09:42:08 <kayabanerve[m]> (if this code was slightly different, it would be one. It's not slightly different. We're discussing edits so it's much harder to fall into the broken category)
09:42:21 <kayabanerve[m]> @sech1 No
09:42:32 <sech1> no wait, there's a second serialization function
09:42:35 <sech1> such a mess
09:42:54 <kayabanerve[m]> An attacker can submit TX A with valid proofs, then TX B with the same proofs yet different images under your PR if images weren't in the message hash
09:42:58 <jeffro256[m]> ^^^^^^^
09:43:00 <kayabanerve[m]> But because images are in the message hash, which is serialized by do_serialize, they cannot
09:43:12 <kayabanerve[m]> I approved the PR on the premise images would be explicitly serialized by do_serialize
09:43:14 <kayabanerve[m]> They are not
09:43:19 <kayabanerve[m]> jeffro256: proved that with their test
09:43:47 <kayabanerve[m]> I'm personally pissed I approved a PR on a premise that's faulty, only securing our entire blockchain by an indirection which is part of the monolithic protocol we're tearing apart with Seraphis
09:44:00 <jeffro256[m]> Thanks for bringing this up on github btw kayabanerve[m] on making me reconsider and write that test lol
09:44:13 <jeffro256[m]> u were persistent good job 
09:44:25 <kayabanerve[m]> So I'm appreciating jeffro256 's test, and calling for an edit to the cache key transcription since this code *disables almost all checks on a belief of prior execution*
09:44:35 <kayabanerve[m]> Yet if it wasn't for the message indirection, that'd be an incorrect assumption
09:45:12 <kayabanerve[m]> So while we don't have a CVE/need to revert thanks to the indirection, I'm no longer playing cat and mouse with ser/do_ser/manually adding fields. I'm personally calling for a cache key of serialize(tx) || do_serialize(rct) with the RCT tests confirming mixRing inclusion
09:45:39 <kayabanerve[m]> Which is what jeffro256 just wrote a test for. They're also testing additional properties, yet with serialize(tx) to start the cache key, those will no longer be needed due to how complete a solution this is
09:46:12 <kayabanerve[m]> I fully understand the distinct serialization functions. The issue is the distinct serialization function, meant to be complete, is not.

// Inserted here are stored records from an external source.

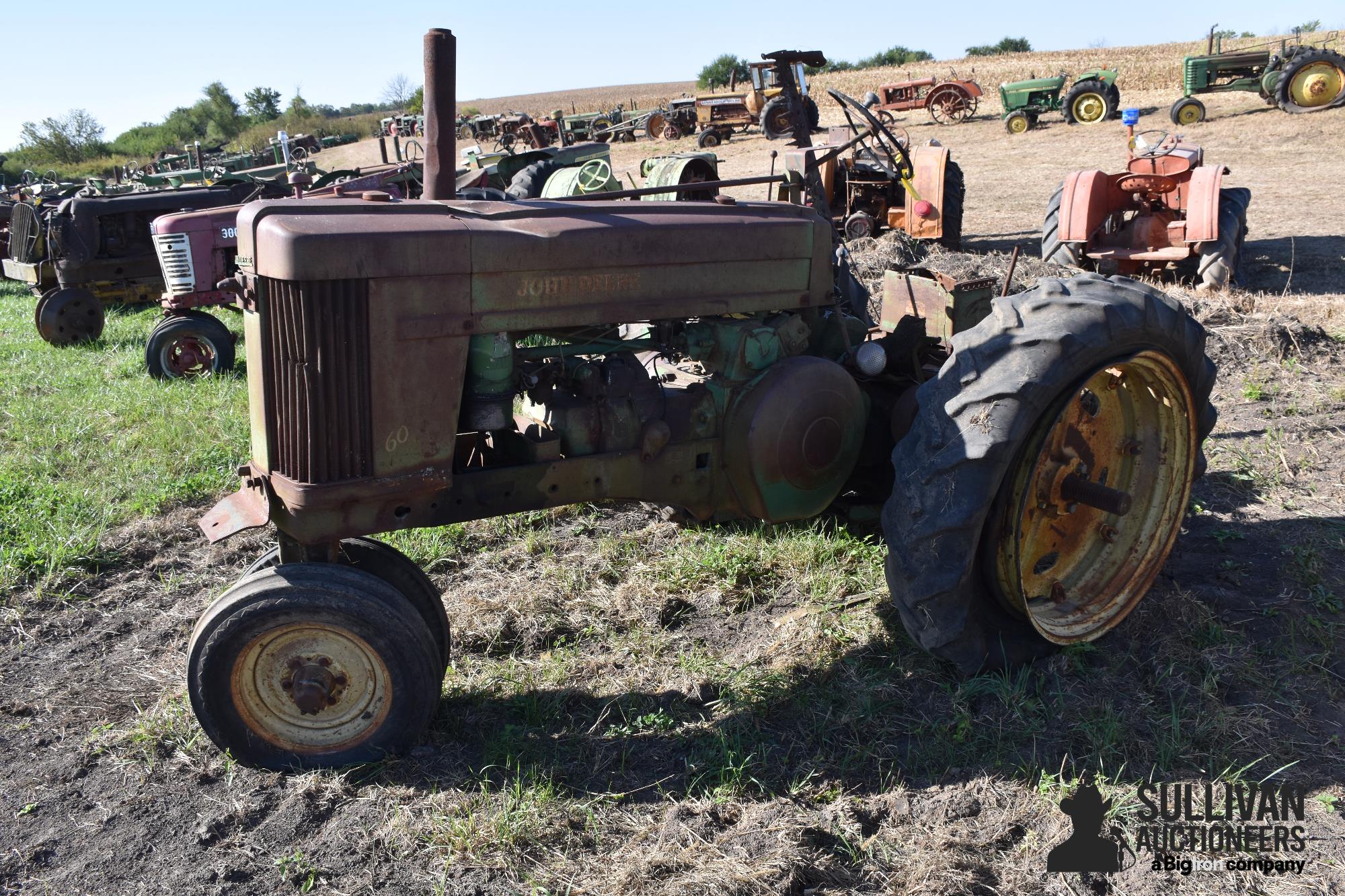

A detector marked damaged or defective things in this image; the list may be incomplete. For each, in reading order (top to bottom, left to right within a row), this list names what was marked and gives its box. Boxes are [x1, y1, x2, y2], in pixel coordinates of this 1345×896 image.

rusty sheet metal panel [904, 147, 947, 242]
rusty sheet metal panel [1060, 169, 1114, 241]
rusty sheet metal panel [1184, 164, 1227, 241]
rusty sheet metal panel [261, 277, 374, 481]
rusty sheet metal panel [369, 274, 473, 479]
rusty john deere tractor [192, 30, 1221, 769]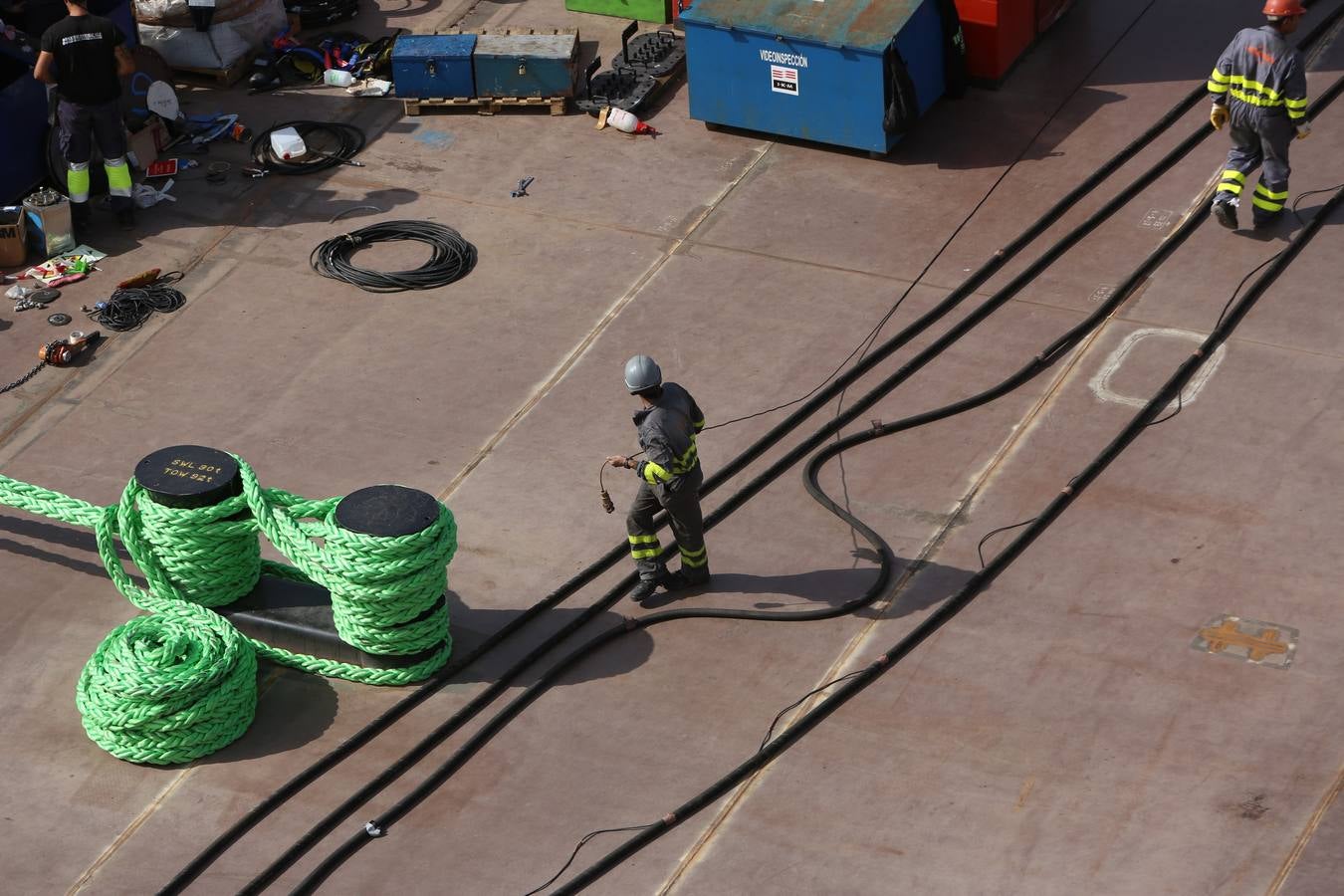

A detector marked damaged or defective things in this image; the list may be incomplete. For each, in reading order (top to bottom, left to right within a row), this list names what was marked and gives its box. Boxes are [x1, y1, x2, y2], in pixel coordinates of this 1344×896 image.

rust stain [1203, 621, 1290, 661]
rust stain [1015, 773, 1035, 808]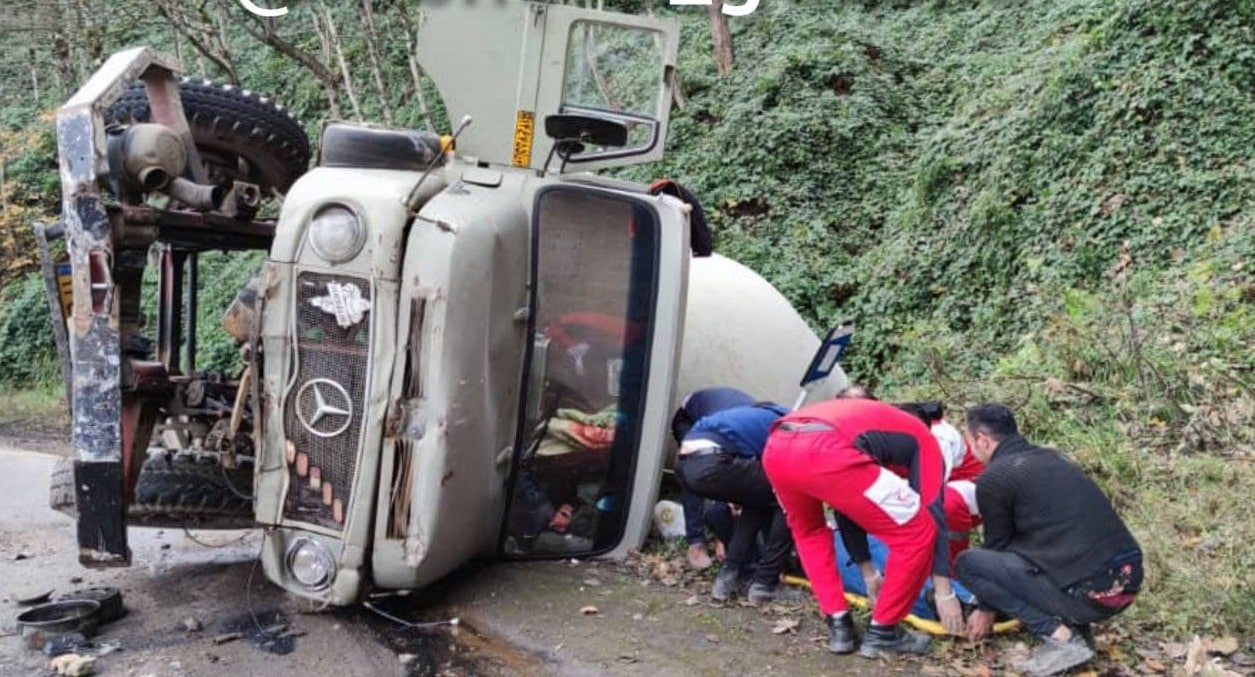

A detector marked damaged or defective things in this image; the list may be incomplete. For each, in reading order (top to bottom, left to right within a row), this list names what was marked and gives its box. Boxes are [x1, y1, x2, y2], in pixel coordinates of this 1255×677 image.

overturned truck [41, 0, 844, 604]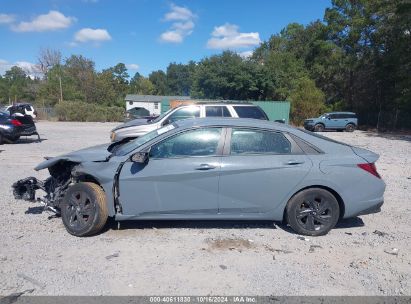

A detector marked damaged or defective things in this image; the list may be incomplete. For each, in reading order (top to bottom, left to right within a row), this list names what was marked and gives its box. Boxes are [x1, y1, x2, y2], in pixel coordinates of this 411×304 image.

crumpled hood [34, 143, 112, 171]
shattered windshield [113, 123, 176, 157]
damaged gray sedan [12, 117, 386, 236]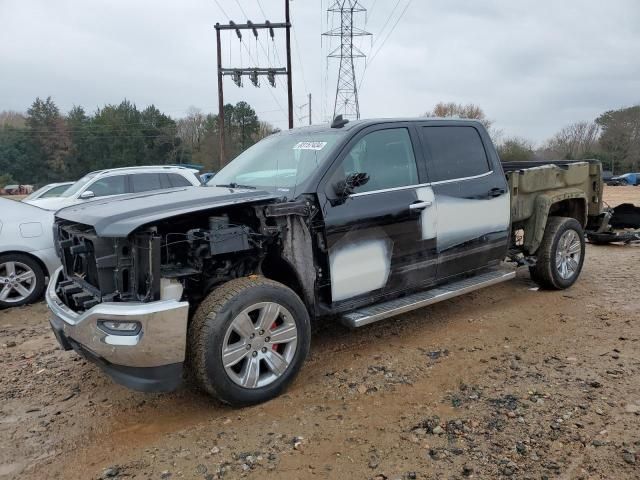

09:46:39 <sech1> "serialize(tx) || do_serialize(rct)" what does it mean?
09:46:52 <kayabanerve[m]> Also, to be clear, I commented on the original PR so all prior participants got pinged.
09:47:07 <kayabanerve[m]> sech1: You used hash(do_serialize(rct)) as a cache key
09:47:15 <kayabanerve[m]> I'm calling for hash(serialize(tx) concat do_serialize(rct))
09:47:38 <kayabanerve[m]> So literally, the entire over the wire blob, with everything except the mix ring, and then the locally expanded RCT, including the mix ring, as tested by jeffro256 
09:48:15 <sech1> no, I asked about "serialize(tx)"
09:48:18 <kayabanerve[m]> do_serialize did not include key images. We at least should do key images || do_ser(rct) as a cache key. Except you said V also isn't included and I don't want to play cat and mouse, finding field after field for years to come on code disabling all cryptographic checks
09:48:23 <sech1> what serialize function specifically?
09:48:29 <kayabanerve[m]> ... convert the entire TX to bytes for the P2P layer?
09:48:35 <kayabanerve[m]> I believe it's just ::serialize
09:48:40 <kayabanerve[m]> I'm actually unsure.
09:49:08 <sech1> there is serialize_rctsig_base and serialize_rctsig_prunable
09:49:12 <kayabanerve[m]> ... I'll say whatever the RPC uses for the binary TX format. That's what I believe is sent over P2P as well, the default serialization mode of Monero, and what I've always impl'd in my libs
09:49:16 <sech1> I think both should be called
09:49:24 <kayabanerve[m]> sech1: I'm talking about  the entire TX
09:49:25 <kayabanerve[m]> Not just RCT
09:49:37 <kayabanerve[m]> This would make verifyRctCached take the entire TX, not just RCT
09:50:06 <kayabanerve[m]> I don't disagree. Serializing the entire TX includes both. do_serialize also should, which is what we currently have. This is an unhelpful side discussion AFAICT
09:50:08 <sech1> ::serialize would just go through the same BEGIN_SERIALIZE/END_SERIALIZE macros that miss some field, right?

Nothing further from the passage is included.